▸ Work order: Your answer must be the lines of the entries below, exactly as written, from the first line through the line containing "PEZ Disney and Pixar Candy Dispensers".

▸ Data extract:

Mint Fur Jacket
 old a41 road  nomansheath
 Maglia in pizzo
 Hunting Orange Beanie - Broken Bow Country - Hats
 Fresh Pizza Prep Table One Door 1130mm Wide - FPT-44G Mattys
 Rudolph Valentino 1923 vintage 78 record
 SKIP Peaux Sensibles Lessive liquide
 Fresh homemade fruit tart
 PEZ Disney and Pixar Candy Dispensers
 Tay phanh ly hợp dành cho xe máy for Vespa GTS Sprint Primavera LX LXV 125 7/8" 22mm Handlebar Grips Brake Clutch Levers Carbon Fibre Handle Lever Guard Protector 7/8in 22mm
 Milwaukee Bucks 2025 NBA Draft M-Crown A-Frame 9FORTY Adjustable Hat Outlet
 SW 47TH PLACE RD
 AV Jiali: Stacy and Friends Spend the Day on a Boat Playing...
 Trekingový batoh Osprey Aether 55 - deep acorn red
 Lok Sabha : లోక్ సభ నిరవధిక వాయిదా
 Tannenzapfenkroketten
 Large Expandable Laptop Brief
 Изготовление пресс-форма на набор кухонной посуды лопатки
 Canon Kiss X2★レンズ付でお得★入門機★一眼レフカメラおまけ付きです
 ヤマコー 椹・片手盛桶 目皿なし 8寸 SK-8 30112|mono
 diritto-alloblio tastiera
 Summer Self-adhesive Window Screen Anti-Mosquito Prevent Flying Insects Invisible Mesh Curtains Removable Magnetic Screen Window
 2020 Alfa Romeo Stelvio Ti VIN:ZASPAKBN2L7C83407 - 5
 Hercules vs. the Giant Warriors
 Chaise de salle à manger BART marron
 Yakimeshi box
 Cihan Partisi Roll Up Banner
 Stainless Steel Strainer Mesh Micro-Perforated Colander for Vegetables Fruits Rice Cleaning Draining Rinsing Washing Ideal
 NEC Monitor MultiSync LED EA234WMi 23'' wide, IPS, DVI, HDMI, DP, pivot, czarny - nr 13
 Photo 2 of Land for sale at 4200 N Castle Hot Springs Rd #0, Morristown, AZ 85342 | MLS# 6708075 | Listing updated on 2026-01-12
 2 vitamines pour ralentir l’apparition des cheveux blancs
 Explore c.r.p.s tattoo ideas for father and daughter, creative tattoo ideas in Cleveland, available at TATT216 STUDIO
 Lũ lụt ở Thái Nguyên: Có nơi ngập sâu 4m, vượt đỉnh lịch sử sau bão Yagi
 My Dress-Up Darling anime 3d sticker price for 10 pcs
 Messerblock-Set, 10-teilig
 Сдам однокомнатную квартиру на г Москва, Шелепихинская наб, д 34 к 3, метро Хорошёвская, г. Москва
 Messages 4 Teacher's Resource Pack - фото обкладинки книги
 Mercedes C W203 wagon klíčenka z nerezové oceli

▸ Output:
Mint Fur Jacket
 old a41 road  nomansheath
 Maglia in pizzo
 Hunting Orange Beanie - Broken Bow Country - Hats
 Fresh Pizza Prep Table One Door 1130mm Wide - FPT-44G Mattys
 Rudolph Valentino 1923 vintage 78 record
 SKIP Peaux Sensibles Lessive liquide
 Fresh homemade fruit tart
 PEZ Disney and Pixar Candy Dispensers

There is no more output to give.